For me, my answer came to me in my late twenties, as I was considering a tattoo idea. I wanted something on my chest that would represent both sides of my family, together in one piece. My surname comes from a state in Germany. Their coat of arms features a silver key. That half seemed like a gimme. For my mother’s side I thought I would like an eagle, but instead of clutching a snake, as on the flag of Mexico, it would be holding that key. As I sought out reference pictures, I realized a disturbing trend of white men with eagle tattoos on their chest not really sending a message of Brown pride…

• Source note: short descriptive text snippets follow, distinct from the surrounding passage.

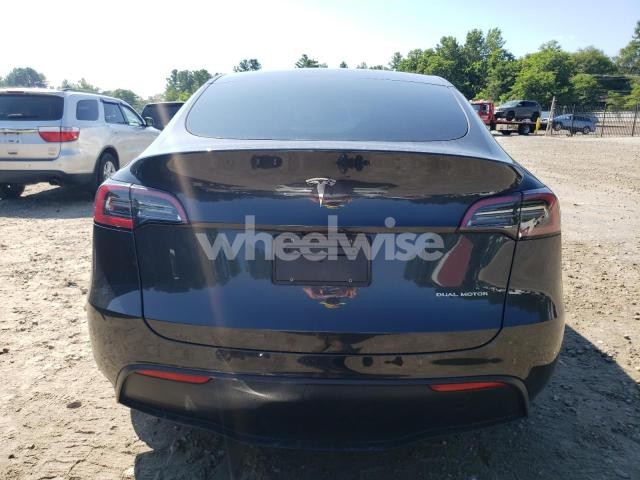 Photo 7 of 2024 TESLA MODEL Y (VIN 7SAYGAEE5RF019234)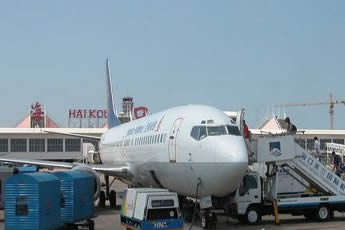 利用网络优势 美兰机场机坪中转业务成效高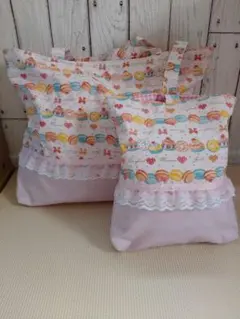 手提げバッグ 上履き入れ 220505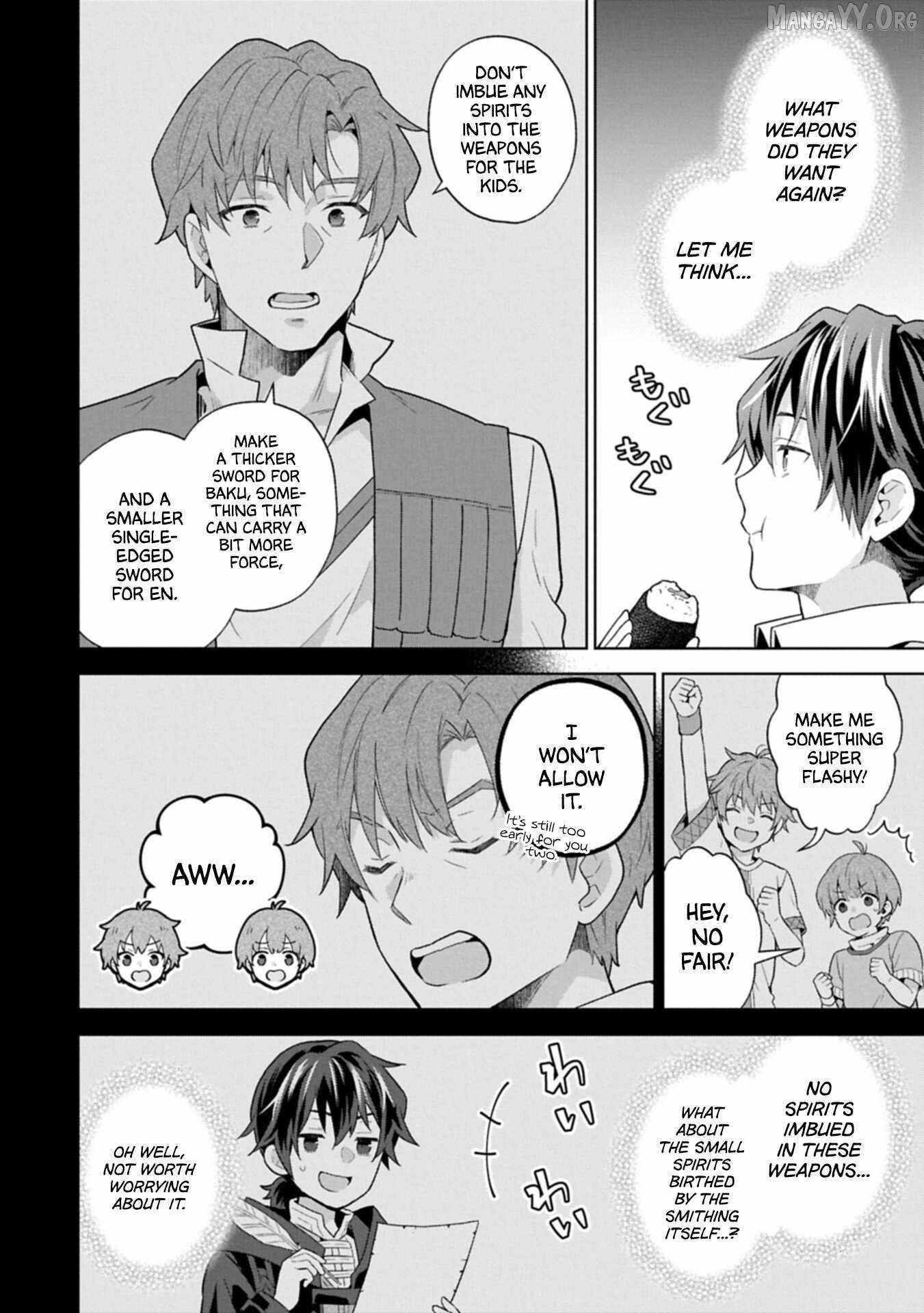 I Got Sent to Another World, but It’s in the Mountains. In Reaction, I Choose Comfort Over Strength Chapter 37 - Page 12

It was my late twenties when I realized that my mom’s family is Mexican, that WE are Mexican, but I am still a white guy. At least, as far as the world is going to see. I tan a little better than most of my purely European friends, but that’s about it. Nobody sees my resume and assumes I can’t speak English; my elders all “assimilated” and used English in the home, so I’m still monolingual. Nobody yells at me to “Go back where I came from” when I’m walking down the street.
And nobody really stops to think before saying some frankly alarming shit in front of me that I doubt they’d do if I were brown twelve months a year instead of maybe two (provided I make it to the beach).
They assume that I look like them, so I must come from their background, or something enough like it. Nobody knows or even considers it possible that when my grandparents moved into town the realtor told them, “Well, I can show you those houses, we can drive past them, but the bank will never give YOU PEOPLE the loan unless you choose THESE NEIGHBORHOODS.” My grandparents, both of whom are still alive as of this writing – this is not an issue exclusive to the deceased people of a long-gone generation. My uncles and my mother, the generation who raised me, grew up on the sidelines of America-at-large based on the color of their skin.
I know I am white because I was not cut off like that. And because my White-white friends would dare complain to me about having a family of color renting from them. Would they have shared that had they known the skin-color based housing problems my own family had faced?
My mom was born and raised in Southern California. My dad, on the other hand, came from the other coast. His father was a minister, starting in the South, and worked during the Civil Rights Movement. Eventually, his parishioners decided that they didn’t like this “love and tolerate” business that he was preaching, and asked him to move on. The family would eventually be pressed northward, to Maryland, excommunicated from “Real” America not for their color but their beliefs.
Despite a continent between them, events conspired to bring my parents together, and we settled in SoCal, with Mom’s family all nearby. As a small child, I was told that the Police are there to help, and to go to them if I was ever lost or hurt. As I grew, I was supplied with nuance. I was taught that they are there to work for you, not to rule over you, and to never let them go one step further than necessary and right. I was told stories from my older, browner family, of a fleet of squad cars called on a cousin simply for making a doughnut run without his driver’s license. I watched, in person, as a cop sneered down at my Spanish-surnamed cousin, 14 and nearly run over on his skateboard by a woman speeding through a residential zone. A woman who fled the scene, only to return later with reinforcements to claim compensation for damage inflicted by his board, which I do believe is known as a hit-and-run. But anyway, brown kid equals wrong, right?
I know that I am white because when I was pulled over at 19 for a busted rear light, the cop took my license and asked if I needed my glasses to see before administering the field sobriety test (which he didn’t even make me get out of the car for!), and I rolled my eyes and told him “The license you’re holding says ‘Corrective Lenses Required.'” Then he let me follow the pen with my eyes and be on my way with a “Fix it, kid.” Nothing more.
I know I am white because of my brown. Because I have been, hands-on and first-person, raised within a non-white community; because I saw for myself what America does to its people of color, and because I know now that I have not and will not face these trials. There’s not really an off-white America, nowhere in the middle for me to dwell, no miscegenation nation. I could try to stick myself into Brown America, but I already know I haven’t had that life experience. Looking at the taijitu, I feel like the little dots, the yin in the yang and the yang in the yin. When they ask my race and ethnicity on a form, I love love LOVE IT when I get to check off both “White, non-Latino” and “Latino, non-White.” But ultimately, it’s an accessory. Something I can choose to put on, If i think it’ll look good. I wear it all the time, and I wear it proudly – hell, it’s why I wanted the tattoo! – but it is not and never will be who the world treats me as.
At the end of the day, I know that I am white because one of the biggest problems I face is that a tattoo might accidentally be misinterpreted.